## Work task
Begin with the first line of the entries below and reproduce each line exactly, ending with the line that holds "Samostojeća kuća, Prodaja, Vir, Vir".

═══ Given data ═══

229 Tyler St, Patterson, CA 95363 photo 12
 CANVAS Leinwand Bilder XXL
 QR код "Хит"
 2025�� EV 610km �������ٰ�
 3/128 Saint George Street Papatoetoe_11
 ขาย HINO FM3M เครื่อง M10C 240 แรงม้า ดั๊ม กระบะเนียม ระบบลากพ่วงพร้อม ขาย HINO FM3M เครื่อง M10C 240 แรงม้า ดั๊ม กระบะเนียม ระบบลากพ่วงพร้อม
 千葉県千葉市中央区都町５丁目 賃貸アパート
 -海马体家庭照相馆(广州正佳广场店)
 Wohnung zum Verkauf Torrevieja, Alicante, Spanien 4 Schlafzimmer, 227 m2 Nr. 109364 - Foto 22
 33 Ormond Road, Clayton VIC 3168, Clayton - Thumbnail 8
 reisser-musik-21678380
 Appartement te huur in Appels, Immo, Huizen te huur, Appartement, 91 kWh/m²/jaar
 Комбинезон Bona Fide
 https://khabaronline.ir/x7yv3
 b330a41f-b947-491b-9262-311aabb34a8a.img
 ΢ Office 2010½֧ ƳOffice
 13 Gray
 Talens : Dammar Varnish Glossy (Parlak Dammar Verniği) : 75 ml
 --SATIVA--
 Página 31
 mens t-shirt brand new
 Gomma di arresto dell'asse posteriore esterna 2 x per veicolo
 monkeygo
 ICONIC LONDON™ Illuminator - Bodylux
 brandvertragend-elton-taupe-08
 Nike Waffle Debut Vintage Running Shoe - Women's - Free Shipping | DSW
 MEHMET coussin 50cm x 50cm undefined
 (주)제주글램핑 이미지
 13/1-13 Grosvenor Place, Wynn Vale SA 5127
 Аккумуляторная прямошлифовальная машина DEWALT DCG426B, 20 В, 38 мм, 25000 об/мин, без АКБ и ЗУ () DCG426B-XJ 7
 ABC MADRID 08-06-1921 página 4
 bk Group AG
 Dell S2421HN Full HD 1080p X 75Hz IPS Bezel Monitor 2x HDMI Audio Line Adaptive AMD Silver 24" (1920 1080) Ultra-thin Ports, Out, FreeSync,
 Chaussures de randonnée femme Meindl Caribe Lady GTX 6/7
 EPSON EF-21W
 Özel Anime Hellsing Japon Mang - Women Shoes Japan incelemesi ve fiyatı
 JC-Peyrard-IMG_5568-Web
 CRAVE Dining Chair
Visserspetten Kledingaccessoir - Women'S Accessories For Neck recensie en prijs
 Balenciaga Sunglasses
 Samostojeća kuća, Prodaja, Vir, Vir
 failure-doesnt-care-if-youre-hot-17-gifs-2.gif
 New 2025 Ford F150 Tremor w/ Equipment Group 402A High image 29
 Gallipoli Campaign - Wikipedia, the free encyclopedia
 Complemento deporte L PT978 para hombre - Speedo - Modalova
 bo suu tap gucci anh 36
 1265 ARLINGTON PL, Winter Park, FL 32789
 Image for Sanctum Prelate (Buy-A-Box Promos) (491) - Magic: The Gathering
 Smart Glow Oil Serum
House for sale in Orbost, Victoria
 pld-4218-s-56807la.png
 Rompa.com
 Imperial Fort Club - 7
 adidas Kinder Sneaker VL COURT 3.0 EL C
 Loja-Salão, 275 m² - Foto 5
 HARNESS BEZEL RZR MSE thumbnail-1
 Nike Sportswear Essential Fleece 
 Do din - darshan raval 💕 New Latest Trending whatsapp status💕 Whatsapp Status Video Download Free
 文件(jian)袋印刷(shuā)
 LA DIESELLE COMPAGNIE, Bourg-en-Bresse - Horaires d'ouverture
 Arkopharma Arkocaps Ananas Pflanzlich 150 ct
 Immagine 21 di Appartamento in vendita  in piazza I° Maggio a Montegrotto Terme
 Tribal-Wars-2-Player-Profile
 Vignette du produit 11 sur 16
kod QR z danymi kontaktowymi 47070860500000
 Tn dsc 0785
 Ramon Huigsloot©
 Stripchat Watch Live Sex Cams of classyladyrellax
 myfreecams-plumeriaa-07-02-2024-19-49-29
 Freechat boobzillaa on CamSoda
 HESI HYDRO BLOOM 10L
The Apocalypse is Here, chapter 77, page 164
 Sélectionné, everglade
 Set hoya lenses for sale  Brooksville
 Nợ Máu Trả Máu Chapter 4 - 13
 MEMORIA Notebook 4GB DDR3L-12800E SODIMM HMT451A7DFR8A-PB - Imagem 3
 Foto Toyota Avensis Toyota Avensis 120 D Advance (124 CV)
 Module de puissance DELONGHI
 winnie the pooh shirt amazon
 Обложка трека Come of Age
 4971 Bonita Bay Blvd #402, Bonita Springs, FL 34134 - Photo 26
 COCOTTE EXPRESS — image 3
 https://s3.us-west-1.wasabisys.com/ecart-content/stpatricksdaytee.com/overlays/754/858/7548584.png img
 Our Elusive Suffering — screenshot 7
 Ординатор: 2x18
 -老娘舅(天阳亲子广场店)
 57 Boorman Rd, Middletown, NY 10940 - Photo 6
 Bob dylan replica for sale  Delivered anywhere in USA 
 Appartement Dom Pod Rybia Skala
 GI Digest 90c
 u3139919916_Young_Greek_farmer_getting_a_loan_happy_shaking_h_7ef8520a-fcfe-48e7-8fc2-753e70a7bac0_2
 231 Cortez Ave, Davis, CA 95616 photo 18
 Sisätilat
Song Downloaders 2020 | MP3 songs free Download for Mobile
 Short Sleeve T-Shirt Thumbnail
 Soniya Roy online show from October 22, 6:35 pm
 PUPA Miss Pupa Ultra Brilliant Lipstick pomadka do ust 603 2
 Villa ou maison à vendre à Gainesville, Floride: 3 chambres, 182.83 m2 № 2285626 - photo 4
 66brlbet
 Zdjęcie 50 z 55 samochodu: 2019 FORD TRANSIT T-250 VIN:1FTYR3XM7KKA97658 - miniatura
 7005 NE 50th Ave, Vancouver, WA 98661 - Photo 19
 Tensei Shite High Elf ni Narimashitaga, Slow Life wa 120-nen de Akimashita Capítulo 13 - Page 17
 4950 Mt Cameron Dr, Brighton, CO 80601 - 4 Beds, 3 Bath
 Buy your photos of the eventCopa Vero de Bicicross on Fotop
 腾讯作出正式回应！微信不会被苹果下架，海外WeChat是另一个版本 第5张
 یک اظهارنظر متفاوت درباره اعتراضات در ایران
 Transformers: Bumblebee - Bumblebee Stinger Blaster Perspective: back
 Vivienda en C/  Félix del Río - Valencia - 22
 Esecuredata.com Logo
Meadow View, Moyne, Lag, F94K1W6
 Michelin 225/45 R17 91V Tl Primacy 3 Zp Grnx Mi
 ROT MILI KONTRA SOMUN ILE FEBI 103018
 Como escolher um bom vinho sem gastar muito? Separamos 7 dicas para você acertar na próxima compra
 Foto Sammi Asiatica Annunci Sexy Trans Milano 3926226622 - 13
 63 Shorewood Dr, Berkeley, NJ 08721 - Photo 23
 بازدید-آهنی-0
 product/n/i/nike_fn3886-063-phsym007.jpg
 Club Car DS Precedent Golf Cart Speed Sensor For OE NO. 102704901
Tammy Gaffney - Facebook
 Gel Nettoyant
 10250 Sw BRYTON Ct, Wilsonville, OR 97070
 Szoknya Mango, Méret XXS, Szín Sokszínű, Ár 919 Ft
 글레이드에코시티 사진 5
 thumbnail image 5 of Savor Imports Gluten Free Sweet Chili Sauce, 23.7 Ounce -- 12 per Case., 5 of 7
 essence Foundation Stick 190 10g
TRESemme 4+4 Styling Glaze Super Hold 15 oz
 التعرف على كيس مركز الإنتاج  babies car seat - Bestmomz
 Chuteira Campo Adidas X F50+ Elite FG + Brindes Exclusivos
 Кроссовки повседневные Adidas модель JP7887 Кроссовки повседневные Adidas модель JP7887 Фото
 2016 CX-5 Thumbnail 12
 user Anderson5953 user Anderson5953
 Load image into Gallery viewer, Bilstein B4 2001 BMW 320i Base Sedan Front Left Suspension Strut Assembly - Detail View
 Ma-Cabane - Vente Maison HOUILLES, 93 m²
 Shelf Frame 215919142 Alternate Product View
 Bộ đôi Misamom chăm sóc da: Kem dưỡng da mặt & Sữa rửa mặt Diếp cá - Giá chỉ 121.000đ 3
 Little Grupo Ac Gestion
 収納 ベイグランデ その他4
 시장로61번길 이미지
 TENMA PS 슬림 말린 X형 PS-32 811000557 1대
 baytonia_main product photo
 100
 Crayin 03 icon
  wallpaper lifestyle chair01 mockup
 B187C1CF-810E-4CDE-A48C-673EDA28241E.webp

═══

## Task answer
229 Tyler St, Patterson, CA 95363 photo 12
 CANVAS Leinwand Bilder XXL
 QR код "Хит"
 2025�� EV 610km �������ٰ�
 3/128 Saint George Street Papatoetoe_11
 ขาย HINO FM3M เครื่อง M10C 240 แรงม้า ดั๊ม กระบะเนียม ระบบลากพ่วงพร้อม ขาย HINO FM3M เครื่อง M10C 240 แรงม้า ดั๊ม กระบะเนียม ระบบลากพ่วงพร้อม
 千葉県千葉市中央区都町５丁目 賃貸アパート
 -海马体家庭照相馆(广州正佳广场店)
 Wohnung zum Verkauf Torrevieja, Alicante, Spanien 4 Schlafzimmer, 227 m2 Nr. 109364 - Foto 22
 33 Ormond Road, Clayton VIC 3168, Clayton - Thumbnail 8
 reisser-musik-21678380
 Appartement te huur in Appels, Immo, Huizen te huur, Appartement, 91 kWh/m²/jaar
 Комбинезон Bona Fide
 https://khabaronline.ir/x7yv3
 b330a41f-b947-491b-9262-311aabb34a8a.img
 ΢ Office 2010½֧ ƳOffice
 13 Gray
 Talens : Dammar Varnish Glossy (Parlak Dammar Verniği) : 75 ml
 --SATIVA--
 Página 31
 mens t-shirt brand new
 Gomma di arresto dell'asse posteriore esterna 2 x per veicolo
 monkeygo
 ICONIC LONDON™ Illuminator - Bodylux
 brandvertragend-elton-taupe-08
 Nike Waffle Debut Vintage Running Shoe - Women's - Free Shipping | DSW
 MEHMET coussin 50cm x 50cm undefined
 (주)제주글램핑 이미지
 13/1-13 Grosvenor Place, Wynn Vale SA 5127
 Аккумуляторная прямошлифовальная машина DEWALT DCG426B, 20 В, 38 мм, 25000 об/мин, без АКБ и ЗУ () DCG426B-XJ 7
 ABC MADRID 08-06-1921 página 4
 bk Group AG
 Dell S2421HN Full HD 1080p X 75Hz IPS Bezel Monitor 2x HDMI Audio Line Adaptive AMD Silver 24" (1920 1080) Ultra-thin Ports, Out, FreeSync,
 Chaussures de randonnée femme Meindl Caribe Lady GTX 6/7
 EPSON EF-21W
 Özel Anime Hellsing Japon Mang - Women Shoes Japan incelemesi ve fiyatı
 JC-Peyrard-IMG_5568-Web
 CRAVE Dining Chair
Visserspetten Kledingaccessoir - Women'S Accessories For Neck recensie en prijs
 Balenciaga Sunglasses
 Samostojeća kuća, Prodaja, Vir, Vir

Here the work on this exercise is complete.